Indonesian Foreign Minister Marty Natalegawa said nations may have the technical capacity to intercept information. “But the cost in terms of trust, in terms of the damage that may be resulting, is something that we must all reflect on,” he told reporters in Perth today, where he is attending a regional meeting. “If Australia was itself subject to such an activity, do you consider it as being a friendly act or not?”
Jakarta has summoned Australia’s ambassador Greg Moriarty, Indonesia Foreign Ministry spokesman Michael Tene said by mobile phone message today, without giving further details.

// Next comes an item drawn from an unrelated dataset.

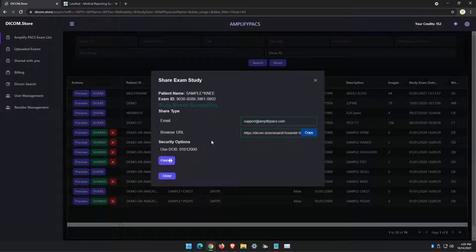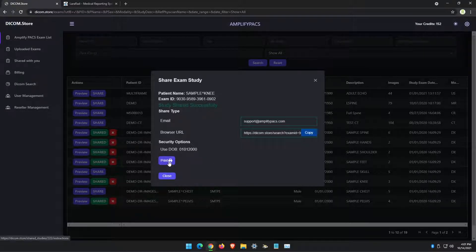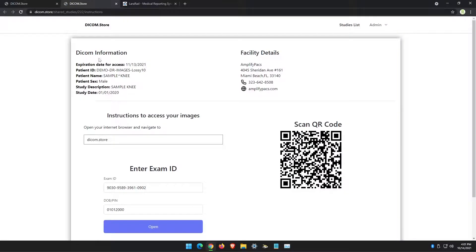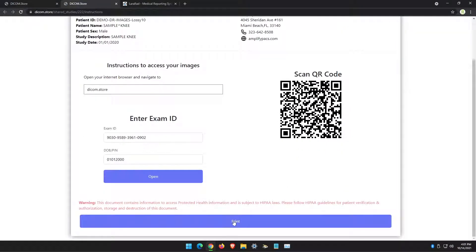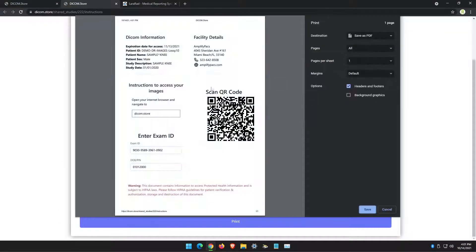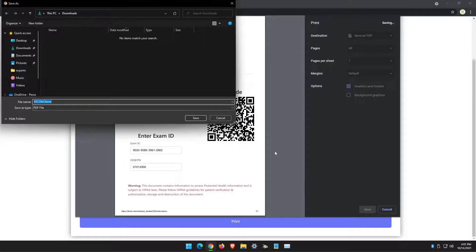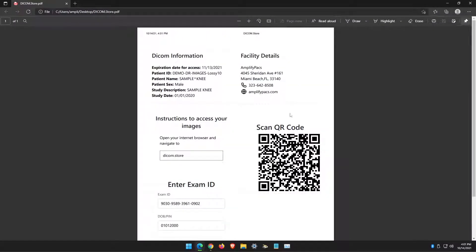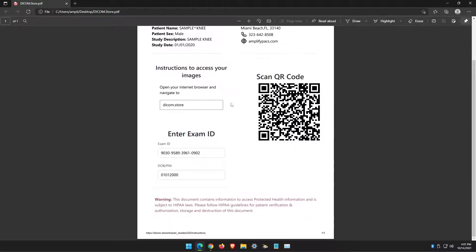If the patient is on site and you want to print out a document that you can hand to them, just use the print option. It will create a document that you will send to your printer. I'm going to save it as a PDF, just so that you can see what it looks like.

Australian embassies are secretly helping intercept phone calls and data across Asia as part of a U.S.-led global spying network, the Sydney Morning Herald reported yesterday, citing information from American whistleblower Edward Snowden and a former Australian intelligence officer. U.S. and German officials have so far failed to resolve differences over spying in a meeting prompted by allegations that American intelligence bugged German Chancellor Angela Merkel’s mobile phone.
Australia is aware of Indonesia’s concerns, Foreign Minister Julie Bishop said on the sidelines of the annual Indian Ocean Rim Association for Regional Cooperation meeting in Perth.
Natalegawa “has raised with me his concerns about allegations in the media recently and I take his concerns about these allegations seriously,” Bishop told reporters today. Australia doesn’t comment on intelligence matters, she said.
Two-way trade between the world’s largest Muslim nation and Australia reached A$14.9 billion ($14.1 billion) in the year to June 30, 2012, according to Australian government figures. Australia’s major exports to Indonesia are wheat, metals including aluminum, copper and iron, and crude. Trade Minister Andrew Robb is working to complete a free-trade agreement with Indonesia.